** Exercise goal **
What is needed is the exact text of each line in the listing below from the one with "2T1BU4EE8DC956931 - 2013" up to and including the one with "Skandináv stílusú asztali", and no pictures.

** Source material **
====
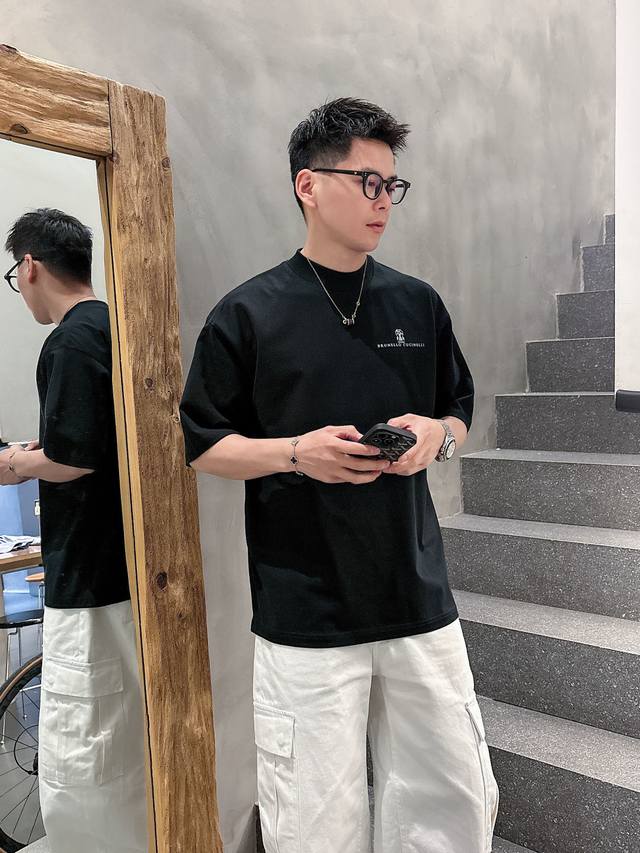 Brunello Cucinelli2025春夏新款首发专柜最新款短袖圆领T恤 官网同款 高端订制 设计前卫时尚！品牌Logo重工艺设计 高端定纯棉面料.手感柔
====
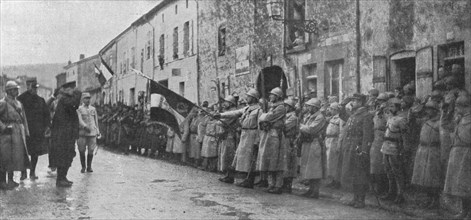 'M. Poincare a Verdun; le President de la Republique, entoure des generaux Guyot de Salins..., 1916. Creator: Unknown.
====
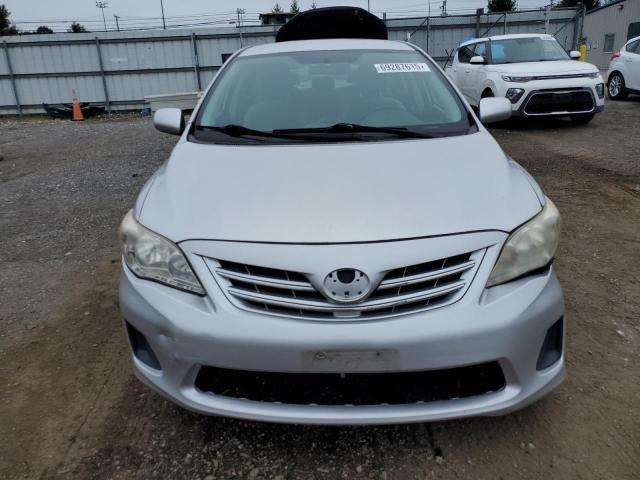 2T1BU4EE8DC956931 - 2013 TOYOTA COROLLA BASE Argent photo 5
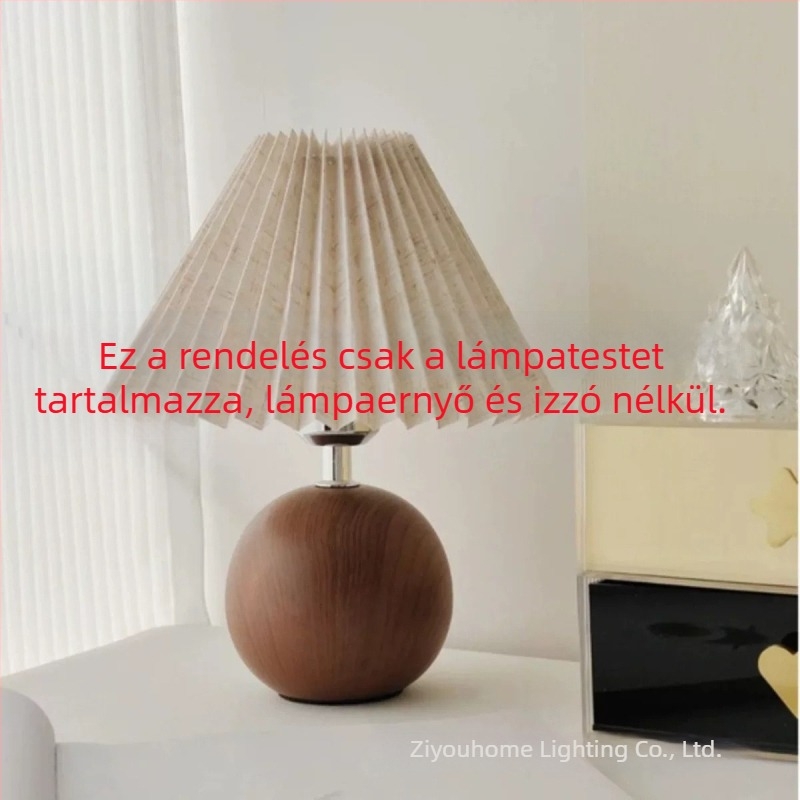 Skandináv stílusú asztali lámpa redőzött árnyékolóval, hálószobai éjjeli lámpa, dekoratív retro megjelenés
====
** Response area **
 2T1BU4EE8DC956931 - 2013 TOYOTA COROLLA BASE Argent photo 5
 Skandináv stílusú asztali lámpa redőzött árnyékolóval, hálószobai éjjeli lámpa, dekoratív retro megjelenés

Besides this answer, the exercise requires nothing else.